Here is the task for the listing below: output exactly the lines from the one containing "Dodik najavio povratak" through the one containing "Photo of 2019", and leave out the pictures.

INFORMATION GIVEN:
################
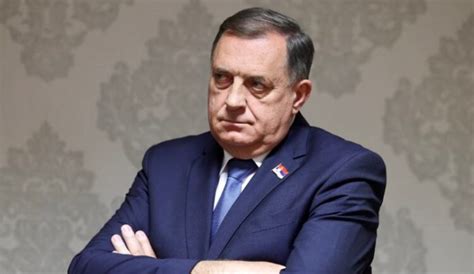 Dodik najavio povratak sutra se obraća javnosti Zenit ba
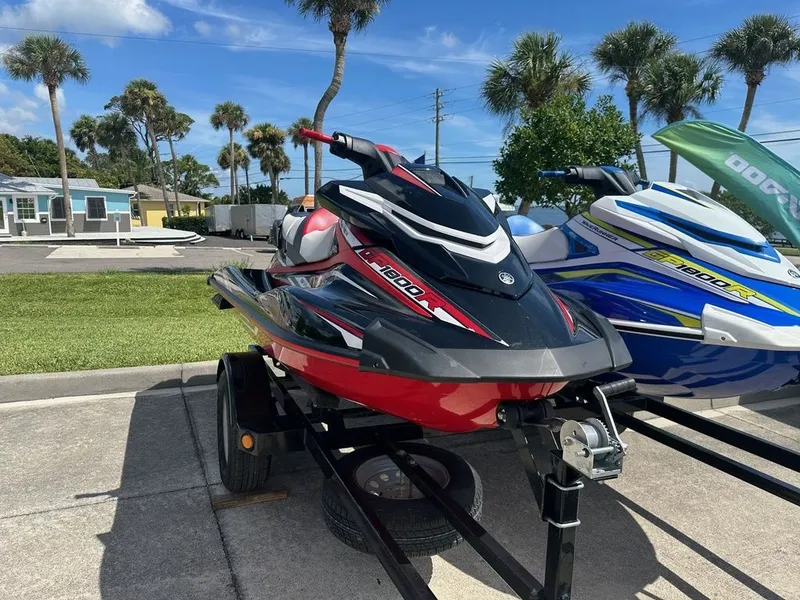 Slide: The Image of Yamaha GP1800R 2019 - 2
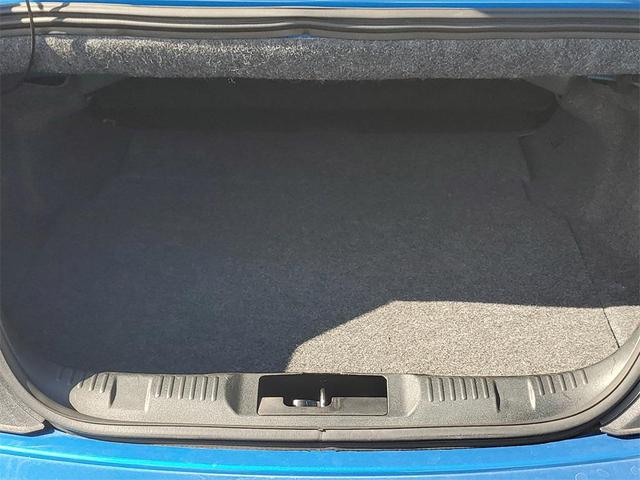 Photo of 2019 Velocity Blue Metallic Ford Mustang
################
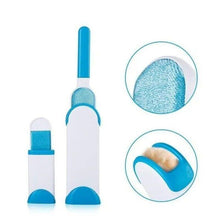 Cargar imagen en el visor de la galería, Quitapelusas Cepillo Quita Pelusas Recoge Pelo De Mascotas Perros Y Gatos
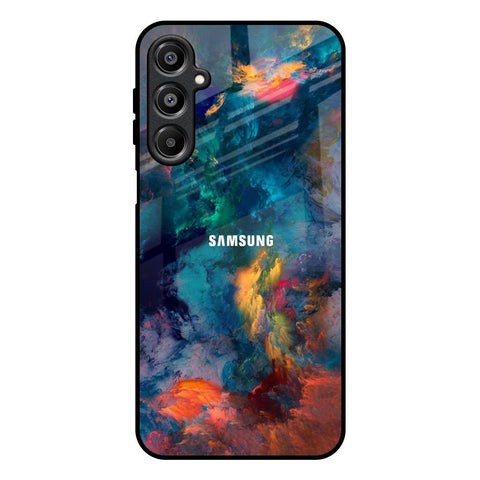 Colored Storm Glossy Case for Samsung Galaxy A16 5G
################
SOLUTION TO THE EXERCISE:
 Dodik najavio povratak sutra se obraća javnosti Zenit ba
 Slide: The Image of Yamaha GP1800R 2019 - 2
 Photo of 2019 Velocity Blue Metallic Ford Mustang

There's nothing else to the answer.